Rheumatology was consulted, and they stated that the overall clinical picture could be a lupus flare. Rheumatology recommended 1.0 g solumedrol for three days followed by prednisone 60 mg daily as well as a lupus flare work-up. ANA was positive. Sjogren’s antibody, DNA DS antibody, and atypical p-ANCA antibody were elevated. SS-A was 3.7 U (<0.2 is normal), SS-B < 0.2, Sm Ab IgG < 0.2 U, RNP Ab IgG < 0.2 U, Scl 70 Ab IgG S < 0.2 U, Jo 1 Ab IgG S < 0.2 U, C3 was 110.30, and C4 was 26.80 compared to 82.70 and 19.90, respectively, two months earlier. The patients’ complement levels were taken after the start of her intensive immunosuppression therapy and thus could cause her results to be falsely normal. DS-DNA Ab was above upper limit of test, >1000, without a previous value for comparison. Patients’ lupus anticoagulant was unremarkable. Cardiolipin antibody IgA < 10 APL (normal: 0 to 11), cardiolipin antibody IgG was 13 GPL (normal: 0 to 14), and cardiolipin antibody IgM was 12 MPL (normal: 0 to 12). Protein electrophoresis showed a normal electrophoretic pattern. The patient was continued on mycophenolate with a new regimen of 500 mg BID, hydroxychloroquine 200 mg BID and prednisone 60 mg QD for two weeks followed by a steroid taper of 40 mg for two weeks followed by 20 mg for two weeks and remain on 10 mg daily until her follow-up visit with her rheumatologist.

After reconvening with neurology, they stated that a cause of the stroke-like symptoms was neuropsychiatric systemic lupus erythematosus (NPSLE), a diagnosis of exclusion. After discussion with cardiology and rheumatology, it was thought that the patient’s elevated high-sensitive troponin levels were SLE-induced too, most likely being a presentation of lupus myocarditis. The patient showed significant improvement in her signs and symptoms after the steroids were introduced.
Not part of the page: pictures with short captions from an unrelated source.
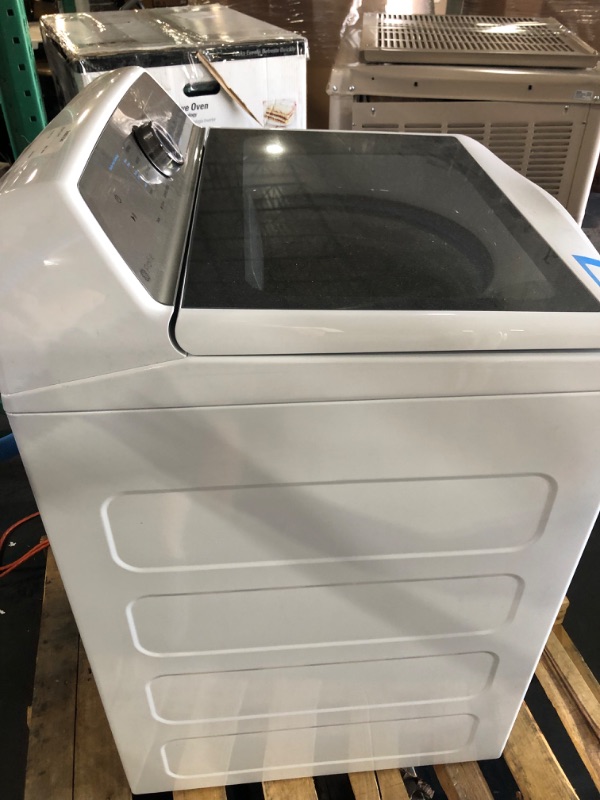 Photo 4 of GE Profile 28" Smart 5.0 cu ft Top Load Washer - White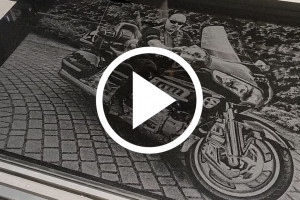 OBRAZ / GRAWER W KAMIENIU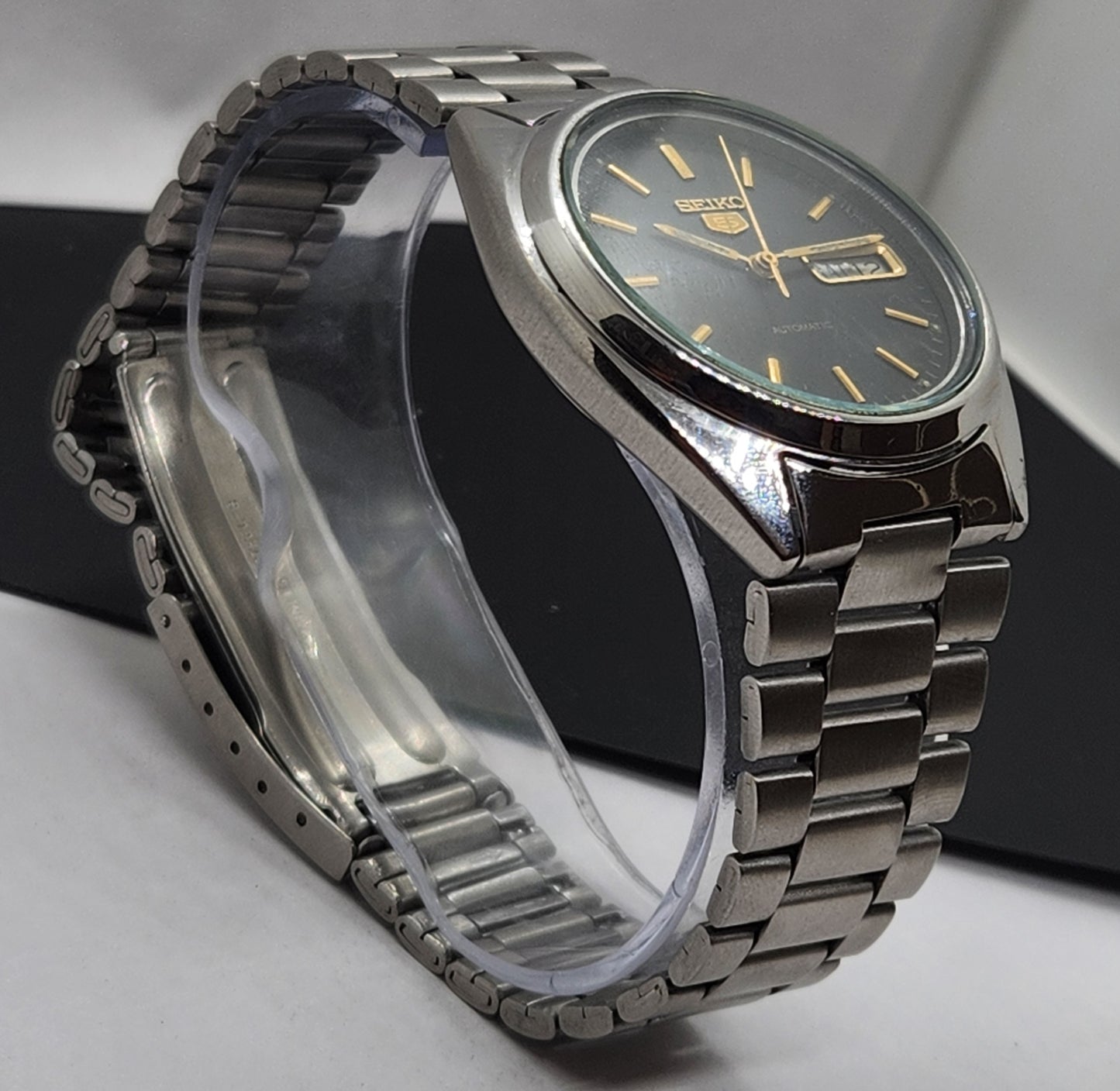 Vintage 1985 Original Seiko 5 Automatic 7009-3041 Black Face 17 Jewels Day-Date Japanese Men's Wrist Watch EG74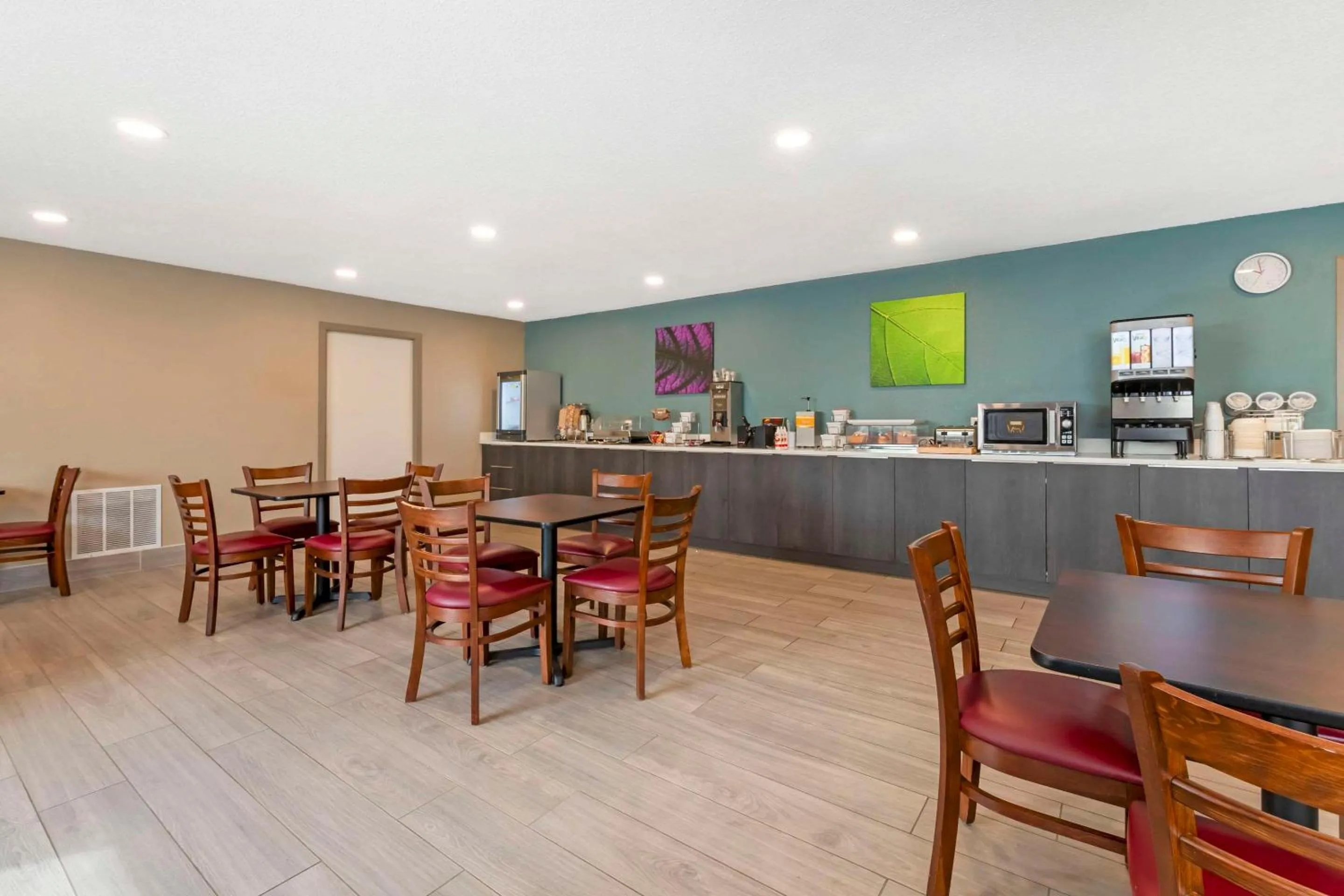 Breakfast in Americas Best Value Inn Wisconsin Dells-Lake Delton - Newly renovated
The strength in both her legs and left arm was 4/5 and then right arm was 3/5.

3. Discussion

In this case report, we describe a patient who presented with focal neurologic deficits and myocarditis who demonstrated improvement with the 1.0 g solumedrol for three days. This diagnosis was difficult as her symptoms mimicked a primary cerebrovascular event. We expanded our differentials and considered a rheumatological cause after ruling out a primary cardiac and neurological cause. An increase in the serum titer of anti-dsDNA antibodies and a fall in complement levels such as C3 and C4 are helpful in determining the presence of active lupus [10]. Ribosomal P antibodies in the serum or CSF are highly specific biomarkers for NPSLE, which unfortunately we did not test for [11]. Normal CSF cell counts consist of <5 cells/mm³. CSF pleocytosis can be indicative of neuroinflammation from systemic lupus erythematous or also from blood contamination during the procedure. When pleocytosis is reactive, it usually presents with an increase in mononuclear cells. With this information, it is possible that the elevation in the presented patient’s monocytes arose from the central nervous system involvement of her disease. We attributed her neurological symptoms to NPSLE after correlating her symptoms with her elevation in anti-dsDNA antibody levels and CSF findings, as well as by observing her response to steroids [12].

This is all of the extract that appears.